Most disturbingly, many of the jailed inmates are themselves children, evidenced by the fact that 114 of them are girls between the ages of 12 and 18, 80 percent of whom are serving sentences for either running away from a forced marriage or having extramarital sex.
As the head of Afghanistan’s juvenile prisons has said of these girls, “Afghan society really hates these crimes. People really hate it when girls run away.”
To prove that point, the Afghanistan Supreme Court in October 2010 ruled that any Afghan woman who fled her home and went anywhere other than to the police or a close relative would be locked up as a precaution against them having illicit sex or engaging in prostitution.
Not surprisingly, many Afghan women are afraid to seek help from Afghan police and judicial authorities for fear they will either face further exploitation at their hands or be forcibly returned to their abusive homes. As such, the women’s prison population in Afghanistan has risen from 380 to more than 700 in the two years since the Supreme Court ruling.

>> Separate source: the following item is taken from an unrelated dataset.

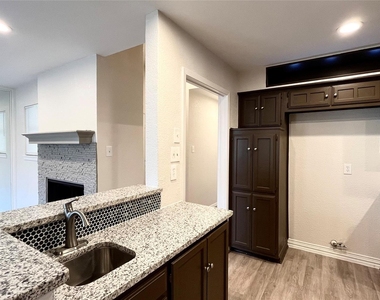 3054 Airhaven Street - Photo Thumbnail 8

Sadly, jail or forcible return home remain the only unsavory options open to most Afghan women given that fewer than half of Afghanistan’s 34 provinces currently have shelters available to runaway women.
Moreover, the Afghan government has made increasing efforts over the past year to take over management of the existing shelters for women, almost all of which are operated by nongovernmental organizations or the United Nations.

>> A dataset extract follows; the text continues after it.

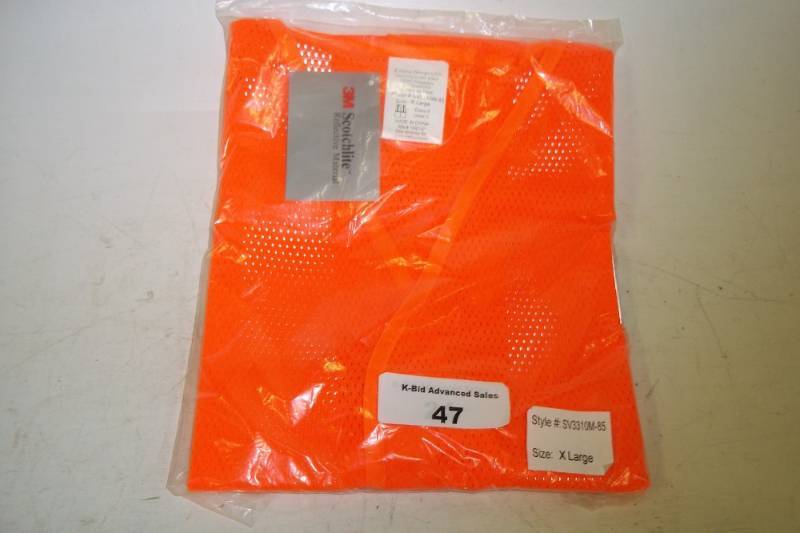 lot 47 image: Safety Vest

In February 2011 the Afghan government ordered Women’s Protection Centers to transfer their control over to Afghanistan’s Women’s Affairs Ministry, claiming that government takeover of the shelters would lead to improved funding and better management.
However, a spokesman for Human Rights Watch said, “The real agenda is clear. The government is increasingly dominated by hard-line conservatives who are hostile to the very idea of shelters, since they allow women some autonomy from abusive husbands and family members.”

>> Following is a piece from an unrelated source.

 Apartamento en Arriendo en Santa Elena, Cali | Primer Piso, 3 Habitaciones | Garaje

While pressure from NGOs and advocacy groups drove the Afghan government in September 2011 to remove many objectionable parts of the shelter regulation — most notably allowing the shelters to remain independent — it still required that a woman could not move out of the shelter unless she is going to the home of a male relative.
Of course, that rule can prove problematic if in many cases those same male relatives may have abused or threatened to kill the woman or girl in the first place. Yet, as one women’s rights advocate says, “That may be more a problem with Afghan society, where it’s nearly impossible for a woman to live alone, without a husband, father, brother or a grown son.”
Unfortunately, the problems women face in Afghanistan don’t seem to be abating anytime soon. In fact, they almost assuredly seem closer to intensifying as both the Afghan government and the United States are currently seeking to negotiate with the Taliban to end its insurgency and reintegrate itself into Afghan society.
As such, many women activists understandably worry that their hard-won political rights, however small they may be, will quickly evaporate once the Taliban rejoin the Afghan fold. As one female Afghan activist lamented, “I’m afraid we won’t have all this anymore if the Taliban are allowed back into society.”
Tragically, given the continued abuse levied against the women and girls of Afghanistan, it’s not a stretch to imagine that they would even notice the difference.